No que diz respeito às crises bancárias (financeiras), “a Grande Depressão dos anos 1930 que se seguiu ao crash de Wall Street em 1929 é o exemplo mais saliente e preocupante que vem à mente, mas a tendência pode ser observada mesmo nos países escandinavos, na esteira de crises bancárias no início da década de 1990”[6].

Se a tendência e a média mundiais forem válidas para o Brasil (ou aqui seria tudo diferente?), 1/3 do eleitorado deixaria o lulopetismo (de esquerda conservadora) para sufragar algum candidato de centro-direita ou de direita ou de extrema-direita.

Considerando-se que a vitória de Dilma em 2014 foi muito apertada, sua derrota doravante seria inevitável. Mas será que os números já combinaram tudo isso com os russos do time adversário?

Segunda: a segunda conclusão que se pode extrair do levantamento de Funke, Schularik e Trebesch é que “se torna mais difícil governar após crises financeiras” [leia-se, após a queda do governante].

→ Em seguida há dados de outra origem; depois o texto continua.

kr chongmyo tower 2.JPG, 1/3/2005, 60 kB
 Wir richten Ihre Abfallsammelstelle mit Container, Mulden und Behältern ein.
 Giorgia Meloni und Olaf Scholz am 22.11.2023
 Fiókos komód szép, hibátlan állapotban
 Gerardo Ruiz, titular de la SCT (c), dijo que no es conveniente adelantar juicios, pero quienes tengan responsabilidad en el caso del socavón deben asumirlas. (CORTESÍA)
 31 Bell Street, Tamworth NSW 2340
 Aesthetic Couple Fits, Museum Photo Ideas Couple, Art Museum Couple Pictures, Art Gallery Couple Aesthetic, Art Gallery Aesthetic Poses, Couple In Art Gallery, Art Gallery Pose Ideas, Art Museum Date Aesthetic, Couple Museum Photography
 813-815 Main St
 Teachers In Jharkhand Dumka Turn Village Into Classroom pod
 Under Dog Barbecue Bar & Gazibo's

Duas são as razões: “a ascensão da extrema direita [ou da direita] acontece num cenário político normalmente fragmentado, com maior número de partidos, e uma parcela menor dos votos vai para o partido no governo; assim, fica mais difícil produzir ações legislativas decisivas; ao mesmo tempo, ocorre um surto de mobilização extraparlamentar: mais greves, greves mais prolongadas e maiores manifestações de protesto. O controle das ruas pelo governo não é tão firme. O número médio de manifestações antigovernamentais triplica, a frequência de distúrbios violentos dobra e greves gerais aumentam em pelo menos um terço”.[7]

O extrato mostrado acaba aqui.